Haswell vs Kaveri

Albuquerque · Nov 12, 2013

Albuquerque said:
Yup, this is exactly where I see it. Having a processor that's just "barely running" is conceptually far less latency than one that needs to recover from S3, while perhaps using only a small fraction of power above that S3 state. Enough to capture an interrupt, speed up enough to process it (or perhaps, decide not to) and then slow back down. An operating system that can do interrupt aggregation could significantly benefit from this.

Imagine being able to have the box go into the "SuperS1" state with the display still powered. Your keystroke could generate an interrupt that could be handled within the nearest few hundred cycles (ie, quite lazily), the screen updated, and the box may never have to be more busy than that. The processor draw for an 'office use' laptop could go to less than a watt for a box that could be perceived as perfectly responsive.

I thought I would quote myself for posterity, seems I figured out "connected standby" to some degree before it was announced. Go me!

Raqia · Nov 12, 2013

3dilettante said:
There is hardware support for queueing and memory sharing.
The GPU architecture is potentially no longer in the "downright unacceptable" category.

Does this mean code involves lot less ugly context creation and switching?

3dilettante · Nov 12, 2013

Since this is supposed to support HSA, there should be queue binding and the setup of the kernel at the outset, but much less overhead after that.
Commands should be able to be passed around in memory or on-chip queues.
The original requirement that memory be copied back and forth between memory spaces or multiple transitions into the kernel driver at command issue should no longer be necessary.

It should be much better than what has come before.

Andrew Lauritzen · Nov 12, 2013

Paran said:
R-series isn't a mass product whereas Kaveri is. Not really comparable. At least in the desktop space. Intel has to bring something decent for the socket version which happens with Skylake at the earliest if they want compete. Mobile as always is completely different of course.

Well I contend that the market for "high end" socketed APUs has yet to be proven. The cost analysis just never comes out in favor of these things compared to cheap dGPUs unless you are form factor or power-constrained, and I don't expect that to change any time soon.

So sure, you can say that they fill that niche and thus aren't comparable to anything Intel ships, but I'm not convinced that niche exists to start with

I guess if they are going to resist that comparison I'll have to wait for the mobile chips. It'll be even harder for them to compete there though due to a process disadvantage I imagine.

3dilettante said:
Barring some advance in the wide gulf in latency, SIMD granularity, and cache behavior of the CPU and GPU, there's going to be a swath of workloads that do not do well on the GPU.

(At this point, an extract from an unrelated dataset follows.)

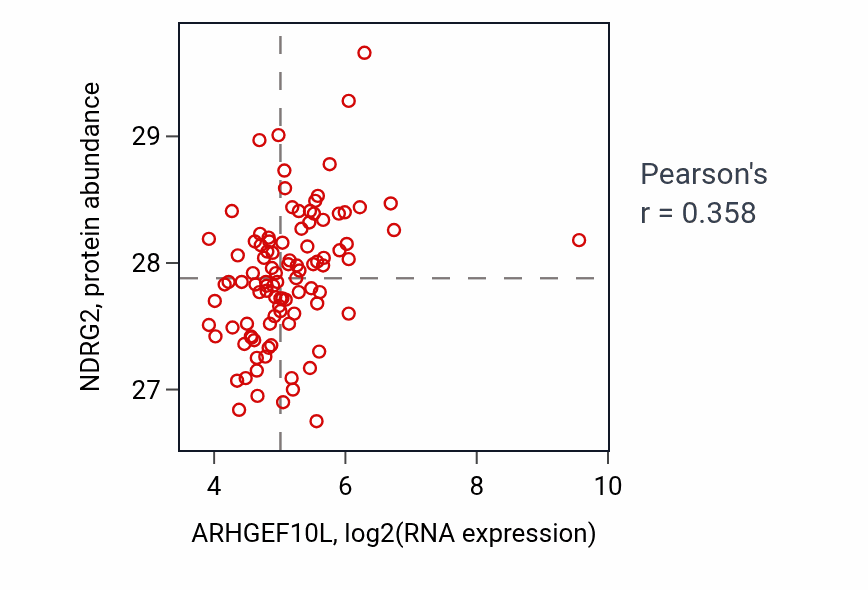 Per-sample scatter of ARHGEF10L vs NDRG2 in GBM (Pearson r = 0.36).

This is my biggest concern as well. I was assuming Kaveri would have some shared LLC similar to Haswell with all of the talk of heterogeneous computation and so on but someone told me that was not the case. Thus if you need to spill your whole working set to memory every time you want to swap between the CPU and the GPU, it's not going to be a lot more fine-grained than it is today. Being able to use pointer-based data structures is nice and all (although hardly required), but it's far more important to be able to share data on-chip. Hopefully either the person that told me this is wrong or this will get addressed in the next chip.

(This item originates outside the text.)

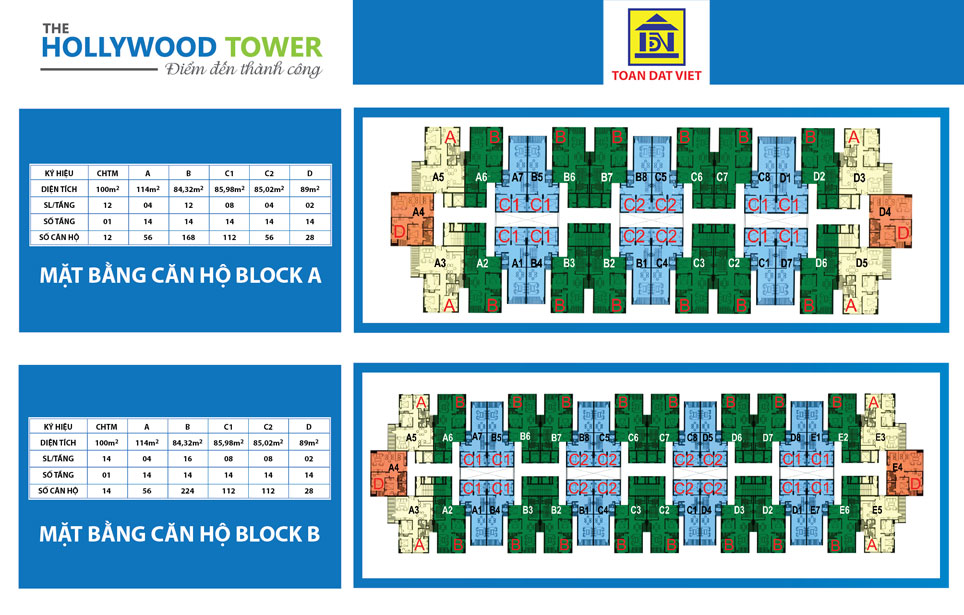 Tầng điển hình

I'm also not totally clear on how the GPU sending work to the CPU stuff is supposed to happen. Is the HSA runtime going to own threads that it spins up and down to do work and fires callbacks into user code? Hopefully they expose the low level stuff (coherent atomics, interrupts, OS events) in addition because I hardly want to be shacked with a made-up queue abstraction on the CPU that isn't tied to any hardware reality. I can handle whatever threading and tasking on the CPU myself thank you very much

Alexko · Nov 12, 2013

Judging from the diagrams we've seen, it's almost certain at this point that there is no shared LLC in Kaveri. I just don't think AMD has the transistor budget.

Raqia · Nov 12, 2013

3dilettante said:
Barring some advance in the wide gulf in latency, SIMD granularity, and cache behavior of the CPU and GPU, there's going to be a swath of workloads that do not do well on the GPU.
For heterogenous loads, there will be those with latency requirements or mediocre speedups that cannot tolerate the overhead of hopping between the sides.
Then there's all the software that was and will not be coded specially for a minority holder of the x86 market.

It does sound like latency will be much much better since all the CPU needs to do now is dereference a pointer the same physical and logical memory space to get the results of the GPU or issue it more work. This sounds much much faster than pulling data back and forth across a narrow, high latency PCIe bridge or being burdened by memory copies in the same physical ram in the middle of a computation. If anything, this hopping around is exactly what Kaveri sounds like it's intended to solve, but we'll see.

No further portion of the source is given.